January 17, 2012

Annals of Childish Behavior™


In a post a few days ago, I quoted José Ortega y Gasset's observation that modern culture had been possessed by "childishness," a condition in which individuals and nations behave like spoiled children who believe they are entitled to everything and obligated to no one. I noted then that this sort of behavior also extended to corporate executives who "skirt safety standards for the sake of profit."

The following is from a January 17 report in the New York Times on the wreck of the Costa Concordia cruise ship off the coast of Italy:
Cruise passengers are supposed to attend a safety briefing within 24 hours of boarding.

“We have never had any drills,” [passenger Emily] Lau said. “We were asked to go for a safety meeting, and it was nothing but a sales pitch for excursions.”
 A later report from the Times added that the accident had been caused when the Costa Concordia's captain, Francesco Schettino, tried to show off the $450 million vessel to residents of the island of Giglio, where he struck a reef. The captain then abandoned ship before all its passengers had been evacuated, apparently unaware that fatalities had occurred.

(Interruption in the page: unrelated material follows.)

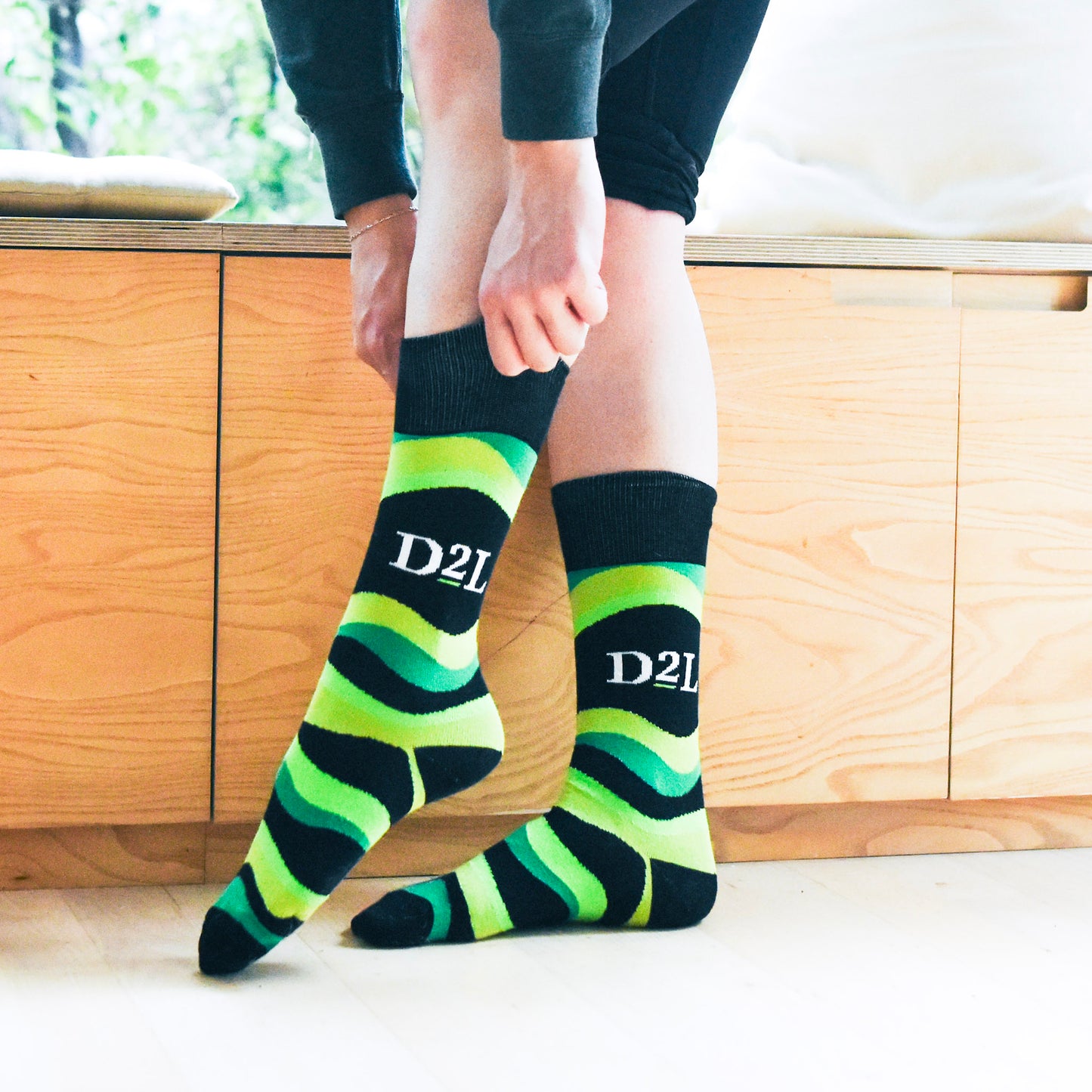 Ready2Knock-Your-Socks-Off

Captain Schettino subsequently explained that his early exit from the foundering liner was due to an accident: he'd slipped on deck and fallen into the water. Transcripts from a telephone conversation between Schettino, floating in a lifeboat, and a coast guard commander revealed that the captain refused to return to the Costa Concordia as the evacuation continued because, he said, it was too dark to see anything. To that the irate coast guard commander replied, “Do you want to go home, Schettino? It’s dark and you want to go home?" An Italian newspaper columnist characterized the captain's explanation as "the cry of a child."